2. You are a business that receives a payment from a supplier. That supplier will be able to see how much money your business has, and therefore can guess at how price sensitive you are in future negotiations. They can see every single other payment you’ve ever received to that Bitcoin address, and therefore determine what other suppliers you are dealing with and how much you are paying those suppliers. They may be able to roughly determine how many customers you have and how much you charge your customers. This is commercially sensitive information that damages your negotiating position enough to cause you relative financial loss.
3. You are a private citizen paying for online goods and services. You are aware that it is common practice for companies to attempt to use ‘price discrimination’ algorithms to attempt to determine the highest prices they can offer future services to you at, and you would prefer they do not have the information advantage of knowing how much you spend and where you spend it.
4. You sell cupcakes and receive Bitcoin as payment. It turns out that someone who owned that Bitcoin before you was involved in criminal activity. Now you are worried that you have become a suspect in a criminal case, because the movement of funds to you is a matter of public record. You are also worried that certain Bitcoins that you thought you owned will be considered ‘tainted’ and that others will refuse to accept them as payment.
Monero solves these privacy issues by automatically applying privacy techniques to every single transaction made. You can have confidence that it is not possible to own ‘tainted’ Monero. This is a concept in economics known as ‘fungibility’ and is historically considered an important characteristic for any currency to have.

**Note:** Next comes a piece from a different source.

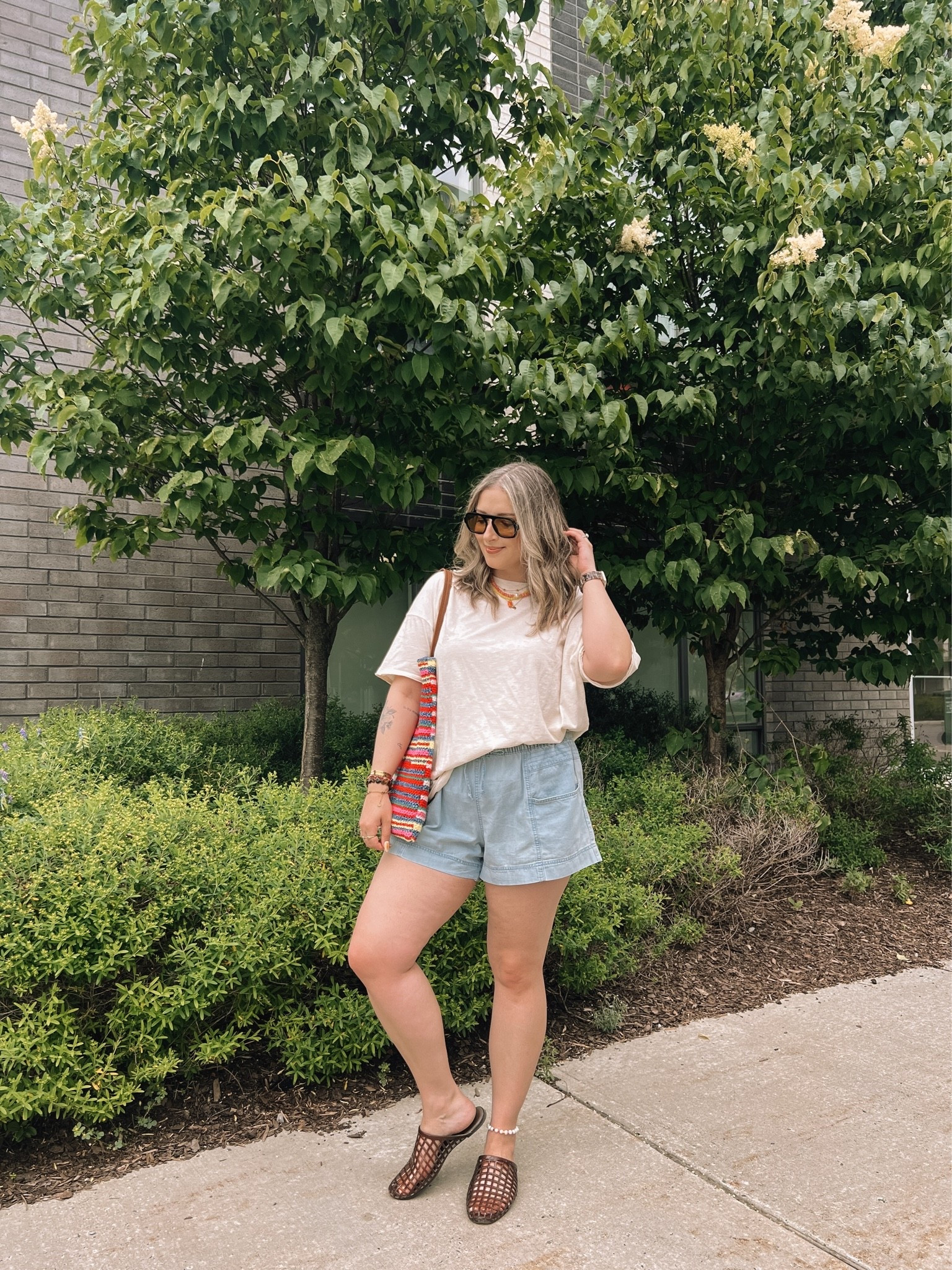 Comfy summer ootd! Wearing my usual size L in the graphic tee and shorts. I’m a 9.5-10 shoe and wear a 10 in the jelly shoes. Canadian shoes and bag links under “similar products”

#LTKsummer #LTKmidsize #LTKsale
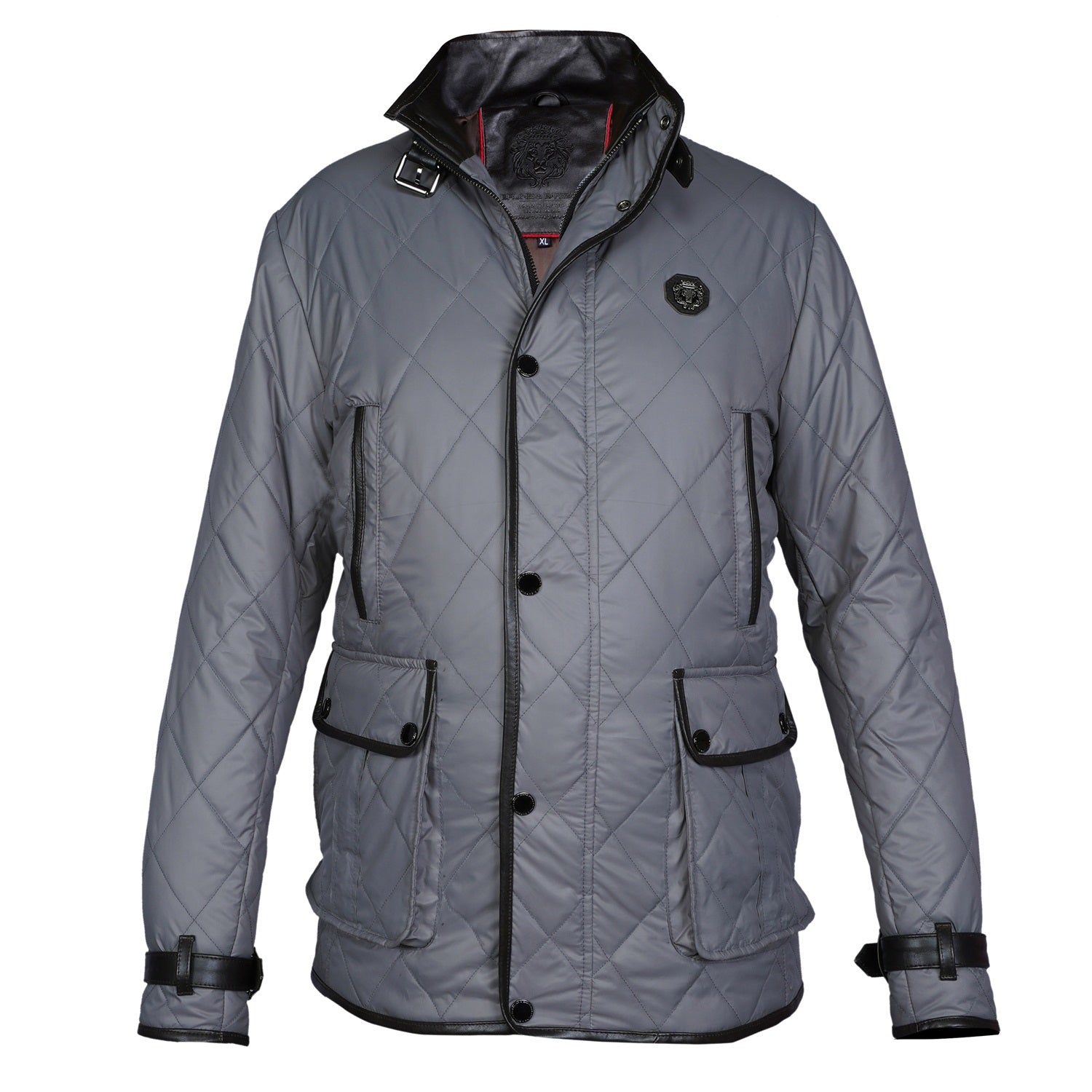 Contrasting Leather Trims Grey Puffer Coat Jacket For Men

The Bitcoin community has attempted to solve these problems by introducing ‘mixing’ features. Their solutions have been described as ‘a band aid over a stab wound’. A more detailed explanation can be found here - http://weuse.cash/2016/06/09/btc-xmr-zcash/
Because everyone that uses Monero automatically has privacy features applied to their transactions, Monero has a huge advantage over other cryptocurrencies whose privacy features are only optional. You never have to request and then verify whether other people have enabled a privacy mechanism when sending you funds, because privacy is always automatically applied to all transactions. Furthermore, the always-on nature of Monero’s privacy features means that even if the majority of Monero users are not privacy sensitive, they will still automatically participate with the strengthening of the privacy mechanisms for other users that are privacy conscious.